Despite a decline in motorcycle related fatalities, safety experts say much work is still left to do.
According to the Texas Department of Transportation (TxDOT), 434 motorcyclists were killed in Texas in 2009, an 18 percent reduction from the previous year. Nationwide, the number of motorcyclist fatalities showed a 16 percent reduction. Despite these improvements, the National Transportation Safety Board (NTSB) updated its Most Wanted List of Transportation Safety Improvements by adding motorcycle safety as its newest issue area.
So what’s being done in Texas?
Motorists’ and rider awareness are two areas that Research Scientist Patricia Turner focuses.
Motorcycle Safety Forum
At this year’s Motorcycle Safety Forum, more than 80 researchers, law enforcement officers, motorcycle riders, educators, and members of government agencies gathered to discuss opportunities and initiatives to reduce motorcycle crashes, injuries, and fatalities in Texas.
“The Forum is an opportunity to exchange ideas,” said Turner. “We are all trying to make our roads safer for riders, and it helps when we can all get together in the same room and listen to each other’s ideas.”

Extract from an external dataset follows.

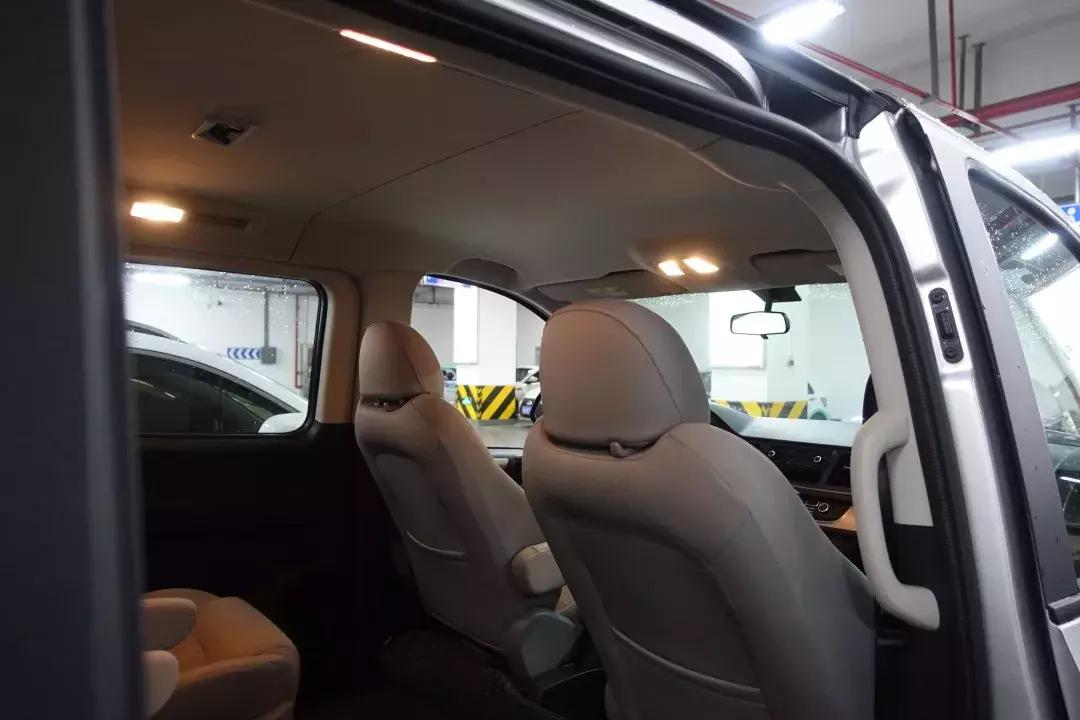 大通g10耐用性如何 (吐槽大通g10)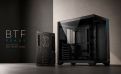 BTF Motherboards in 2026: What Case You Actually Need and Why Most Aren't Compatible With Every Standard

At the Forum, Paul Landers, chairman of the Texas Motorcycle Rights Association (TMRA2), accepted a posthumous award on behalf of Bill “Sputnik” Strain. The award was “in recognition of his loyalty and dedication to the Texas Motorcycle Safety Coalition and support of and participation in the Texas Motorcycle Safety Forum.”
Motorcycle Safety Fair
On April 30, TTI co-hosted the 2nd Central Texas Motorcycle Safety Fair with the Austin Police Department, TxDOT, and TxDPS. The fair’s theme is based on the Ride Safe. Ride SMART campaign which focuses on:
- Safety equipment/protection (including helmets)
- Motorcycle license/endorsement
- Awareness (be alert and aware of your surroundings at all times)
- Responsibility (ride sober)
- Traffic laws (obey all traffic laws including the helmet law, equipment, lights, unreadable license plates, etc.)
Share the Road campaign
TxDOT reinforced its commitment to motorcyclists with the April 12 launch of the Share the Road campaign. The message: look twice for motorcycles at intersections and when changing lanes, the two places where serious motorcycle collisions commonly occur.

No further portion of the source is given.